Он замолкает и таращится на меня так же, как вчера. Я жду. Он хочет ответить? Кажется, да. Он облизывает губы, словно собирается заговорить, но продолжает смотреть.
– Я не могу рассказать.
Я безутешен.
– Может быть, я смогу показать, – говорит он.
– Значит, вы художник? Покажете мне свои картины?
– Иногда я рисую. И строю. И еще занимаюсь всякими ремеслами. Шью. И еще всякими ремеслами, если необходимо.
– Потрясающе! Я бы с радостью посмотрел ваши работы! Они выставляются в галерее или…

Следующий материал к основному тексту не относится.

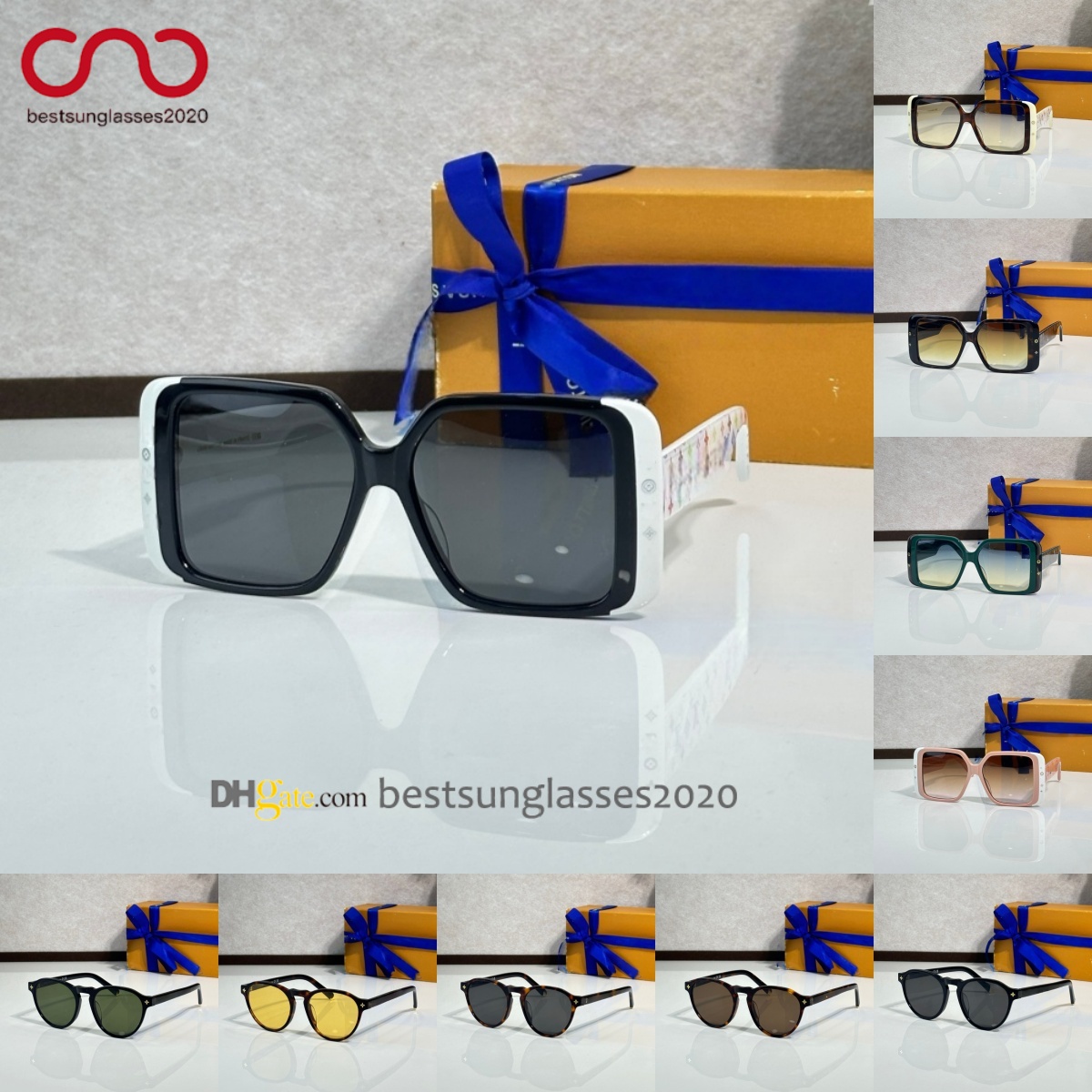 Designer Retro Sun Glasses Designers Women Round & Square Frames Floral Temple & Double Bridge Italian Tortoiseshell Acetate Polished Metal Tips With Original Box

– В квартире. Я покажу на проекторе.
– Это фильм?
– Да, я снимаю анимационный фильм.
Даже не верится: дряхлый, эксцентричный, скорее всего сумасшедший афроамериканский кинорежиссер-затворник. Искусство аутсайдеров, несомненно. Я наткнулся на что-то грандиозное. В голове пляшут мысли о Дарджере[24]. Время для вопроса на шестьдесят четыре тысячи долларов:
– Сколько людей видели ваш фильм?
– В смысле?
– Вы уже показывали кому-нибудь свой фильм?
Пожалуйста, скажи «нет».
– Он не для других. Он только для меня. Больше никто его не видел, – говорит он.
Как я мог наткнуться на такое? Неважно, насколько неказист и неумел его фильм, неважно, как больно его смотреть, я обращу эту историю в антропологическое золото. Она будет кормить меня до конца жизни. Наконец-то я раздвину стыдливые ножки «Кайе дю синема».